Kenny 'Babyface' Edmonds discusses his public divorce.

Kenny "Babyface" Edmonds is a 10-time Grammy Award winner and the name behind 125 mega-hits for artists like Madonna, Whitney Houston and Mariah Carey. With his wife, Tracey, and their two sons, 11-year-old Brandon and 6-year-old Dylan, by his side, it seemed like Babyface had a perfect life.

Then in 2007, Babyface and Tracey—who, he says, never fought in public—stunned family and friends with the news that their 13-year marriage was over. "Part of the problem a lot of times in relationships, there may be questions that you want to ask and answers that you don't want to hear. And so you get to a point to where you kind of live in front of everyone else, and even though you may have issues, you kind of ignore them and just kind of keep it together because you have this perfect picture so you don't want anybody else to be disappointed."

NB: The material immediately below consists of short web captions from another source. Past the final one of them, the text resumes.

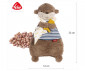 babyFEHN Otter Theo 047233 - Heatable soft toy otter thumb 3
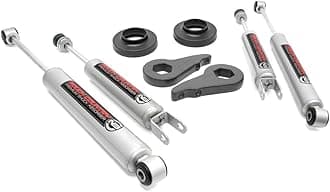 2" Leveling Kit for 2000-2006 Chevy/GMC Tahoe/Yukon - 27330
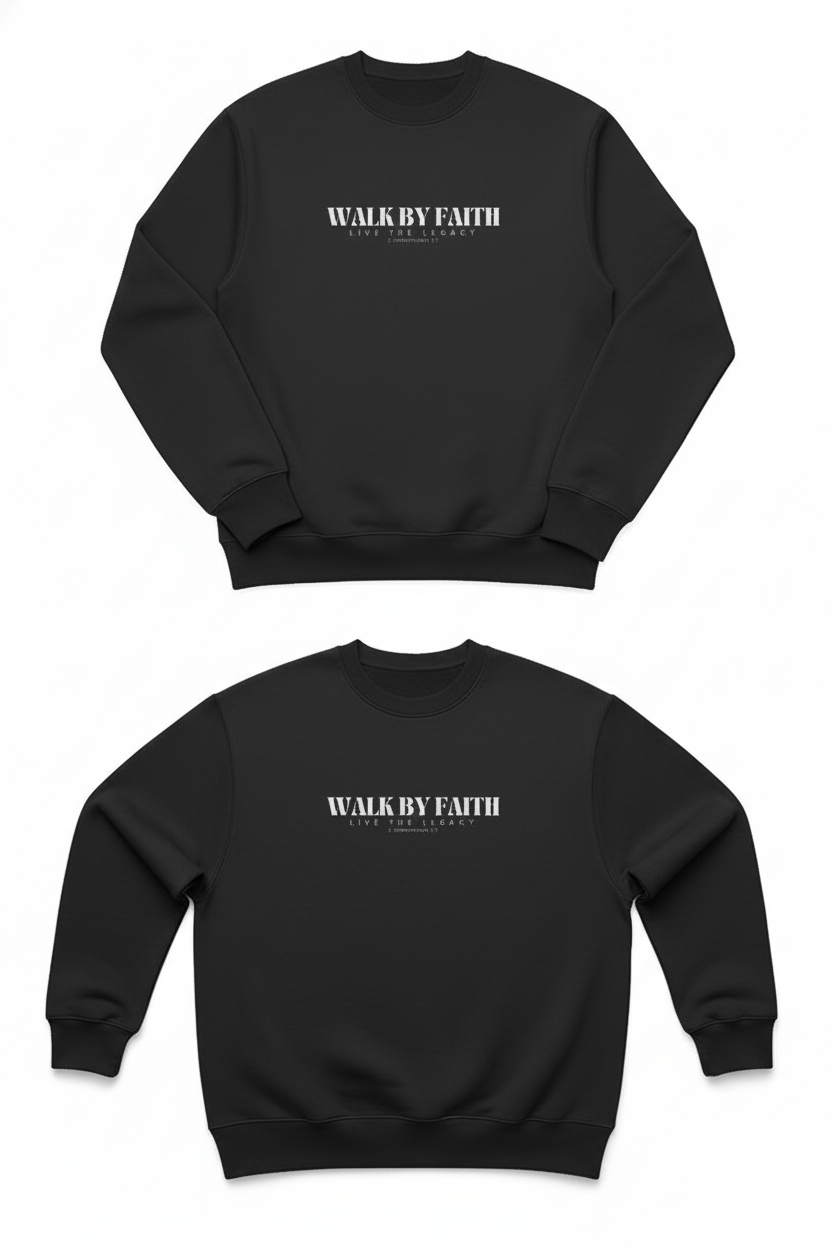 Walk By Faith — Citadel Heavy Crew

At one point, Babyface says they started being honest with one another and themselves. "That allowed us to actually become really closer friends and cooler people, and also we came to a point where maybe we're not exactly the perfect picture together," he says. "But in the process, we had two wonderful kids and we have a wonderful relationship because we're actually probably closer now than we were when we were married."

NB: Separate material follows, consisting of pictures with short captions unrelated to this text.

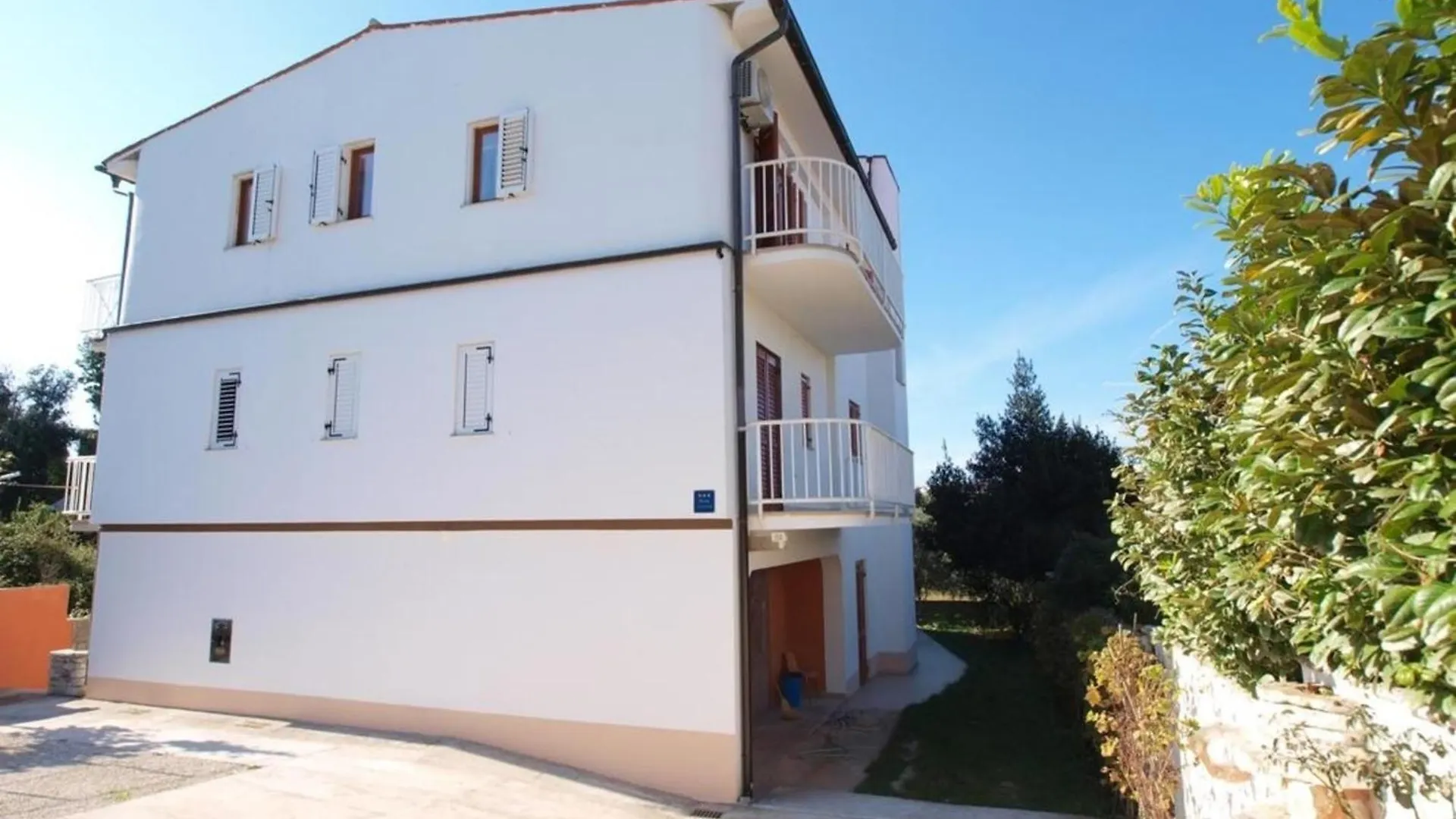 Apartment Ferienwohnung Fuer 2 Personen Ca 30 Qm In Pjescana Uvala, Istrien Istrische Riviera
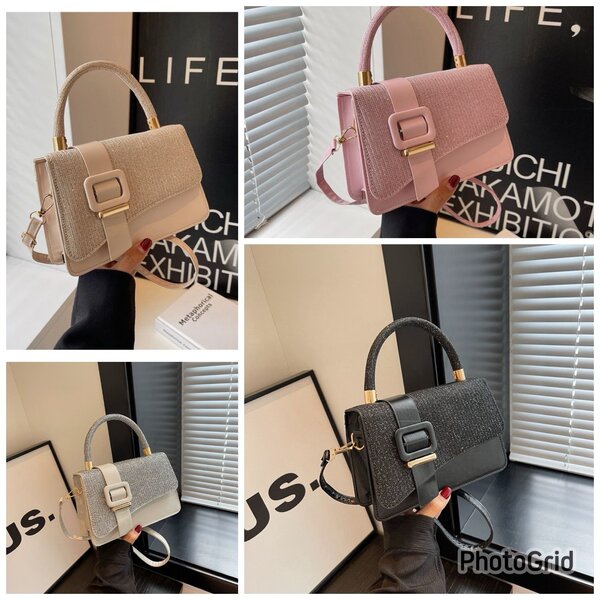 Ladies hand bag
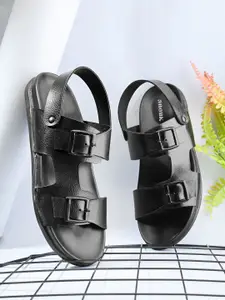 Anouk Men Leather Comfort Sandals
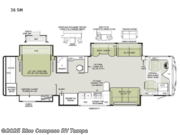 Call now about this 2021 Tiffin Phaeton 36sh! 2021 Tiffin Phaeton 36sh - Used Class A For Sale by Blue Compass RV Tampa in Dover, Florida features Slideout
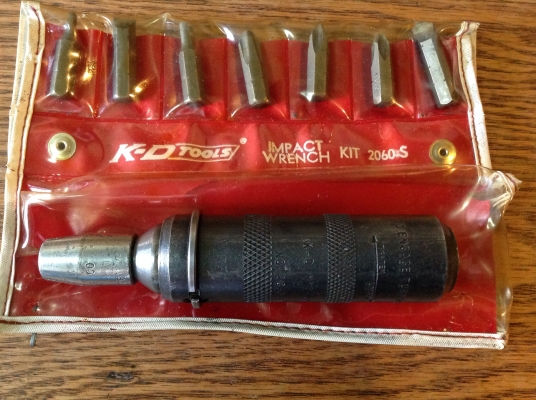 ขายไขควงกระแทรก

Telling the children was difficult, Babyface says, but they're doing great today. "Brandon, initially his reaction was, 'Well, what did you do?'" he says. "And we said, 'You know, it's not really about what anybody did at this particular point because, first of all, we want you guys to know that me and your mom, we love each other. We're just not gonna be, like, together. But we love each other like crazy. We're the best of friends. And in this situation, you don't really have to worry about it so much because we're gonna spend time together. Both people.'"
Babyface discusses his ex-wife's engagement to Eddie Murphy.

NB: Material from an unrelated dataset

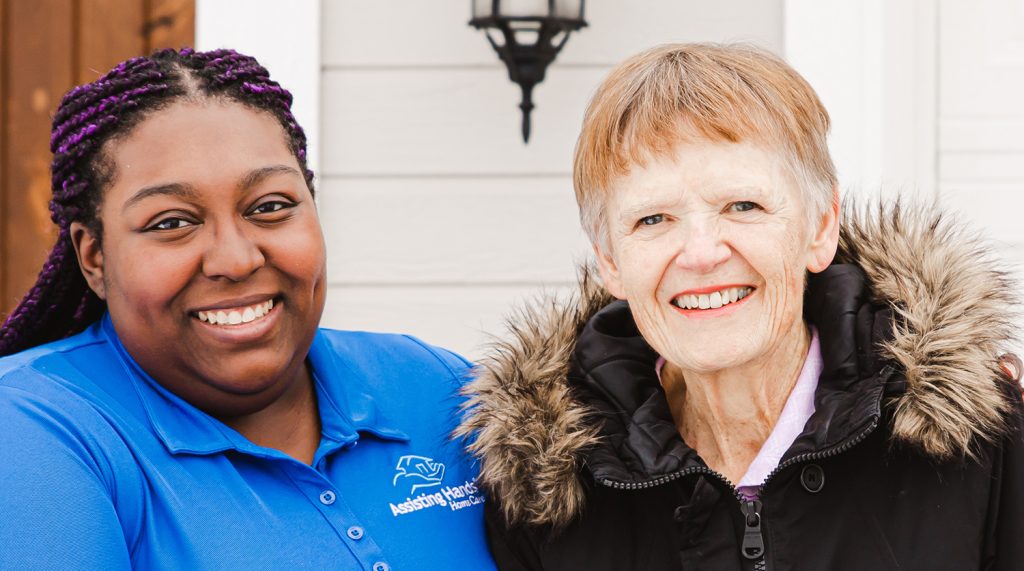 Companion Care in Edgewater Chicago, IL from Assisting Hands Home Care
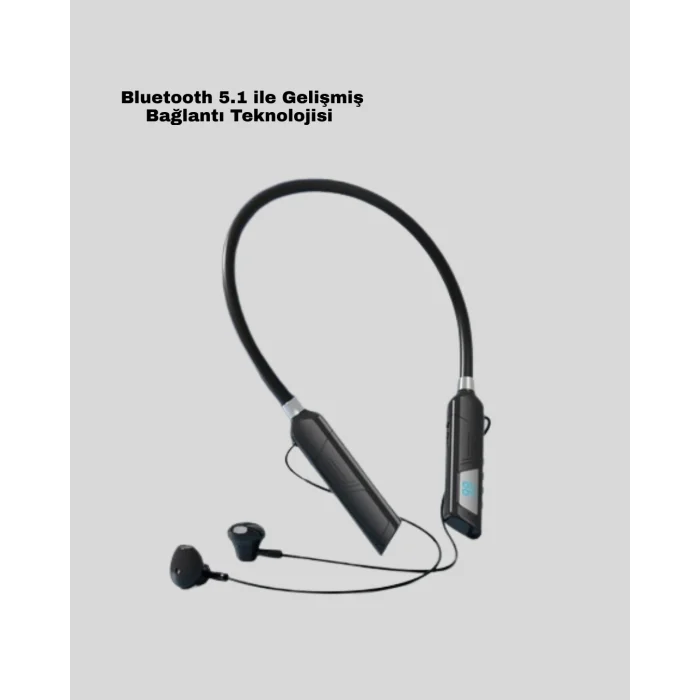 BUĞZ Oyun ve Müzik Modlu Düşük Gecikmeli Kablosuz Kulaklık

Like many divorced families, Babyface and Tracey have also talked to their children about what happens when one parent decides to remarry. In 2007, Tracey started dating and became engaged to actor Eddie Murphy. When they first started dating, Babyface says he was a little concerned about the publicity surrounding the relationship. "What I usually do in cases like that if something bothers me, I embrace it. I don't run away from it," he says. "You have to embrace things because the reality is, if Tracey's happy and she's happy with her life, then that's good because I want the same thing for myself and she wants the same for me."

Babyface says both he and Tracey eased into conversations with the boys. "You don't pull 'em and say, 'We're going to have a family meeting,'" he says. "You find something to do and in your conversations, just everyday conversations, you start bringing little things up. So how do you feel about this? How do you feel about that? They can give you the answer a little because they're not gonna give you everything at one time."
Babyface performs 'Not Going Nowhere.'

Through it all, Babyface says he and Tracey gave their kids one key message—no matter what, they are loved. In fact, the divorce inspired one of the most heartfelt songs on Babyface's album Playlist . Babyface wrote "Not Going Nowhere" for his boys and based it on "some of the conversations we had and their feelings and just wanting them to know that I wasn't going anywhere," he says.

"The main thing is that what's more important to them, I feel, is that they see that you're happy and that you're happy with them, you're happy with the mom. You're happy with the dad. That everybody's cool," he says. "Because the more that everybody's cool with each other, the more it eases them."

Gary says Babyface and Tracey have done the right thing. "There's no doubt that no matter what you do, like you're saying, if they know that you love each other and love them, the kids can get through anything," he says. "If their parents are really loving them and hearing them, they can get through any kinds of circumstances."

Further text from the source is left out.